**EXERCISE INPUTS:**
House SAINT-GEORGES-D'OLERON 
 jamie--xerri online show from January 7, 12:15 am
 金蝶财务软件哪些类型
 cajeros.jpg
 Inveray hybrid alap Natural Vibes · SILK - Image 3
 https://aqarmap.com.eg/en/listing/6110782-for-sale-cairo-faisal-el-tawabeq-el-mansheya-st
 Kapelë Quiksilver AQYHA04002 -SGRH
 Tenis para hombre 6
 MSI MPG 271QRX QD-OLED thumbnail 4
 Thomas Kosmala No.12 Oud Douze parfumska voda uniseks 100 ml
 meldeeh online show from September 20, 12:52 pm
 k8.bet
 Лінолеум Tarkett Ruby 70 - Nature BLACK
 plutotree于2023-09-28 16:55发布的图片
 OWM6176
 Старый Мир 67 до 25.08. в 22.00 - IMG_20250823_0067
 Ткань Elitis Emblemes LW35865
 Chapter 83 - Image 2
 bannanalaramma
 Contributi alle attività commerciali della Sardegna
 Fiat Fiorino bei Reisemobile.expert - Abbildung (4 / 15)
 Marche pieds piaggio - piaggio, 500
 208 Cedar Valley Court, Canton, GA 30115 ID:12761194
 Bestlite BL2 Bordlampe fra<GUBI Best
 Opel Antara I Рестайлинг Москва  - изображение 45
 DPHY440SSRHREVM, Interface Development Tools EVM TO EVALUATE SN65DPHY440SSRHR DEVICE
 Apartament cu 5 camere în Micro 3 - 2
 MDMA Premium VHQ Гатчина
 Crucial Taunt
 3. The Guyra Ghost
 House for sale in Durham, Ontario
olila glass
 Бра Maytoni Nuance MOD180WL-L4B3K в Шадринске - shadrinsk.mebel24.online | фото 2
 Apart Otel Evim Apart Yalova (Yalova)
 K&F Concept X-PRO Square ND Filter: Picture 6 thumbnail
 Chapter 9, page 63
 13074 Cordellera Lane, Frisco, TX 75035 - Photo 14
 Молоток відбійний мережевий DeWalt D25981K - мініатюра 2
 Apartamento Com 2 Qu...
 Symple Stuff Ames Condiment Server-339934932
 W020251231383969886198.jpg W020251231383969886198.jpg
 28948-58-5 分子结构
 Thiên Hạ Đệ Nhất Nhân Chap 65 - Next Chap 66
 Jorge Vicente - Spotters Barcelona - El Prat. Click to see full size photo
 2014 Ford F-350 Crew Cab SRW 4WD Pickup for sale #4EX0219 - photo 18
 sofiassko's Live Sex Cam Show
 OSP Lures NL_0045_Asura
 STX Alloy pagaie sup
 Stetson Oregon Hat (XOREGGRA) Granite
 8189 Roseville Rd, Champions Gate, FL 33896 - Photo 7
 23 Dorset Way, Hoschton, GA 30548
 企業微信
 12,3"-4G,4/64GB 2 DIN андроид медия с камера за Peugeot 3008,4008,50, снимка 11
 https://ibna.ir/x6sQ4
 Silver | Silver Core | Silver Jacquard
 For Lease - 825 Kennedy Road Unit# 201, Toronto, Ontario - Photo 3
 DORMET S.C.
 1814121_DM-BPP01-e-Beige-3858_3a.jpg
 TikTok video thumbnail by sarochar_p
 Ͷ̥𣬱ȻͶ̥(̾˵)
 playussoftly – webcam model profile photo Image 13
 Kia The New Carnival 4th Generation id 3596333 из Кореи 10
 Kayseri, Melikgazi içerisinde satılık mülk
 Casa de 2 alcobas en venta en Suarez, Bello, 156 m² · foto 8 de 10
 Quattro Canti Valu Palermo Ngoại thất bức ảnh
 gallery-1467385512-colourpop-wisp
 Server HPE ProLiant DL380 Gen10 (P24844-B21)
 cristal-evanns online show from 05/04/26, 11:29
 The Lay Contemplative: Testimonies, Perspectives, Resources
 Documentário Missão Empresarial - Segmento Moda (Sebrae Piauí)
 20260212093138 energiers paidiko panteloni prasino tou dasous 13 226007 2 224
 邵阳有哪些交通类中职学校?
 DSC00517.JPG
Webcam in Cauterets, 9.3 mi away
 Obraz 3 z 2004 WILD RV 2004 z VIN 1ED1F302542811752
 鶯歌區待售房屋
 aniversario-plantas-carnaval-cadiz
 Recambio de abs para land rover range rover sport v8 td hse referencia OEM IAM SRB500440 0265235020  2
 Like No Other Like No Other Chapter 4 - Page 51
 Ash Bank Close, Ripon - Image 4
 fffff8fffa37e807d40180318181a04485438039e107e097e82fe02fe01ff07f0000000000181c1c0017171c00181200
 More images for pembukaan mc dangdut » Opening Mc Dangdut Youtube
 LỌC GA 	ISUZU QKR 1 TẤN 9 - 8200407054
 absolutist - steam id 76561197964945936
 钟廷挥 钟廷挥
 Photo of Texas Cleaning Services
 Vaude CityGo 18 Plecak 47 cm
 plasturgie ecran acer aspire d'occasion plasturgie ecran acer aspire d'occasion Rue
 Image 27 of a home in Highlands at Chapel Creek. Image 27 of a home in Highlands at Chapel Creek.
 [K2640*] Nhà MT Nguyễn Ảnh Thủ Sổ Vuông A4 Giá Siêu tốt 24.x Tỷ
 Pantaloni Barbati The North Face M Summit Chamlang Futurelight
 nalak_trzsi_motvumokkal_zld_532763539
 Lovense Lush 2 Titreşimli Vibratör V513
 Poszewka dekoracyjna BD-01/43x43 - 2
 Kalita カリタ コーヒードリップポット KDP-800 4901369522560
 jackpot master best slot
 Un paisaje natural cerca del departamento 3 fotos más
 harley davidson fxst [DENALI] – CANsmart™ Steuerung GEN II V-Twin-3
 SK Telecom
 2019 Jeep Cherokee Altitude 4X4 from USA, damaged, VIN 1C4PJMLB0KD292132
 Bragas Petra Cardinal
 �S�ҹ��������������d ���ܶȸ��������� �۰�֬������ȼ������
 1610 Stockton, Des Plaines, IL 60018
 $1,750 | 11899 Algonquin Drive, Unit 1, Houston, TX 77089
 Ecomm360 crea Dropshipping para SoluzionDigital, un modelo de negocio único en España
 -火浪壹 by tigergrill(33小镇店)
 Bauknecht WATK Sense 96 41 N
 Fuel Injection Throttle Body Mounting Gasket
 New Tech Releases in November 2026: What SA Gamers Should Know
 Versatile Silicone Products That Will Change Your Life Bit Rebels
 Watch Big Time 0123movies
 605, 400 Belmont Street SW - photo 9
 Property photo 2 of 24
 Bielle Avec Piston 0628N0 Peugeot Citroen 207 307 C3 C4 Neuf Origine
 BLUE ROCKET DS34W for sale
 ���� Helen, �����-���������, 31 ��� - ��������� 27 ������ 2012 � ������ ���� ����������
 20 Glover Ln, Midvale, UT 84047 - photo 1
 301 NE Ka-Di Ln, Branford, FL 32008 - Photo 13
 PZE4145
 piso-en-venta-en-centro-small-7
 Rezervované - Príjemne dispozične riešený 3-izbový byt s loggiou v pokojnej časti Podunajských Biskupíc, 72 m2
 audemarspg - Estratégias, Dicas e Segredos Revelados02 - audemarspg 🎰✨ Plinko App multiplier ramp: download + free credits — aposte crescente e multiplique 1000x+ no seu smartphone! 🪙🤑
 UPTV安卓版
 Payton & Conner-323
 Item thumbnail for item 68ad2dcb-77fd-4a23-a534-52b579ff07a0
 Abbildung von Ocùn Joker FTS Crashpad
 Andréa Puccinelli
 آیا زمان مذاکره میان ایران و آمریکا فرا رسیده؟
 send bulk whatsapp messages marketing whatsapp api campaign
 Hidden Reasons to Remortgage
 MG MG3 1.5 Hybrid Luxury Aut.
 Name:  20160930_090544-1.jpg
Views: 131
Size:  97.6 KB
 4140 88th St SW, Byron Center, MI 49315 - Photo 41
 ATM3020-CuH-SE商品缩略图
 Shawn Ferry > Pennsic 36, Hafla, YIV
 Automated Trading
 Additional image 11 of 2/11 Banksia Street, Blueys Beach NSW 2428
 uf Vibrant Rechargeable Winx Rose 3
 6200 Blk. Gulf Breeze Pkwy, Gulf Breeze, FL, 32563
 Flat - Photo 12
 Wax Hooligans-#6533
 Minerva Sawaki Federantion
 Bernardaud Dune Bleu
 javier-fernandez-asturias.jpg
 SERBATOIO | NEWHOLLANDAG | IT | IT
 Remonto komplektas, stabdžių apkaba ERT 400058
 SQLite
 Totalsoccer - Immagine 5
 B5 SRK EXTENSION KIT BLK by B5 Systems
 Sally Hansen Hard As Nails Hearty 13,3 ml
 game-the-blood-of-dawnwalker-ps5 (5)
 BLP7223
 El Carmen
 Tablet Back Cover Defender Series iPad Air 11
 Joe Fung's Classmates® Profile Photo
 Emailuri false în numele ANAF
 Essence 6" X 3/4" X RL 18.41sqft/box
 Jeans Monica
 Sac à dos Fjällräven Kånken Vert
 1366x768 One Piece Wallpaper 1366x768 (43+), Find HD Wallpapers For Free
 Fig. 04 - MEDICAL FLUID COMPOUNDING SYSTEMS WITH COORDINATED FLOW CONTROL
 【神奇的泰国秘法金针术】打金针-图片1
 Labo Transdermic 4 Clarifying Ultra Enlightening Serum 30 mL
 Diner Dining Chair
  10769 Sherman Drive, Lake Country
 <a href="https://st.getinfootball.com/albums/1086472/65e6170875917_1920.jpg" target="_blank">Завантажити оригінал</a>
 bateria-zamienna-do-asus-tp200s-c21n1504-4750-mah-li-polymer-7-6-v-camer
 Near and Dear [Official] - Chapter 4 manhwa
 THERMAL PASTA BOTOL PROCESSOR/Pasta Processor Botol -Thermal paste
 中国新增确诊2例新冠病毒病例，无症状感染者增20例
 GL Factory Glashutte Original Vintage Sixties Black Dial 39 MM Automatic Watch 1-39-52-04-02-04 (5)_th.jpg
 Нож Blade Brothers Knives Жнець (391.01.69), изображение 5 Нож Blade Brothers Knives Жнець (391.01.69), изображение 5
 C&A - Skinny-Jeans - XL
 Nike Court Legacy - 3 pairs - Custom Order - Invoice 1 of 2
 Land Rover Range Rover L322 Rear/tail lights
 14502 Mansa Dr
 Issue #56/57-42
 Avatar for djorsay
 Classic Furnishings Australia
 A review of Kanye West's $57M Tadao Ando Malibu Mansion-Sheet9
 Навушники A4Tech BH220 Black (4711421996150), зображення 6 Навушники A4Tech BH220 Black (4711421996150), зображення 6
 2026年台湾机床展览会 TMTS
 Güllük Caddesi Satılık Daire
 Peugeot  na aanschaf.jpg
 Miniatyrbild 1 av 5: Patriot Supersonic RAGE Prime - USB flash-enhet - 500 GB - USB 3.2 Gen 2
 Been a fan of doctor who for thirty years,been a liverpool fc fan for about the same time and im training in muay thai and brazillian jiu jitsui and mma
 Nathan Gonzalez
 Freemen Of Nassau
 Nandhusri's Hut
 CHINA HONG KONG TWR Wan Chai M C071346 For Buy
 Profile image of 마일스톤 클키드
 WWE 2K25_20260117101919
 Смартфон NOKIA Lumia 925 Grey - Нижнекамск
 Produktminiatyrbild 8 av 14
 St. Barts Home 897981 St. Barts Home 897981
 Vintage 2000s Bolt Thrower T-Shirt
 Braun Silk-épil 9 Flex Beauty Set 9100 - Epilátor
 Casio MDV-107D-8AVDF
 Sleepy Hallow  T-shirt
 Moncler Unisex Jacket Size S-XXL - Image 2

**DIRECTIONS FOR THIS TASK:** In the data above, retype exactly and only the lines between the one holding "Nike Court Legacy" and the one holding "6 Навушники A4Tech BH220 Black (4711421996150), зображення 6", inclusive.

**OUTPUT FOR THIS EXERCISE:**
 Nike Court Legacy - 3 pairs - Custom Order - Invoice 1 of 2
 Land Rover Range Rover L322 Rear/tail lights
 14502 Mansa Dr
 Issue #56/57-42
 Avatar for djorsay
 Classic Furnishings Australia
 A review of Kanye West's $57M Tadao Ando Malibu Mansion-Sheet9
 Навушники A4Tech BH220 Black (4711421996150), зображення 6 Навушники A4Tech BH220 Black (4711421996150), зображення 6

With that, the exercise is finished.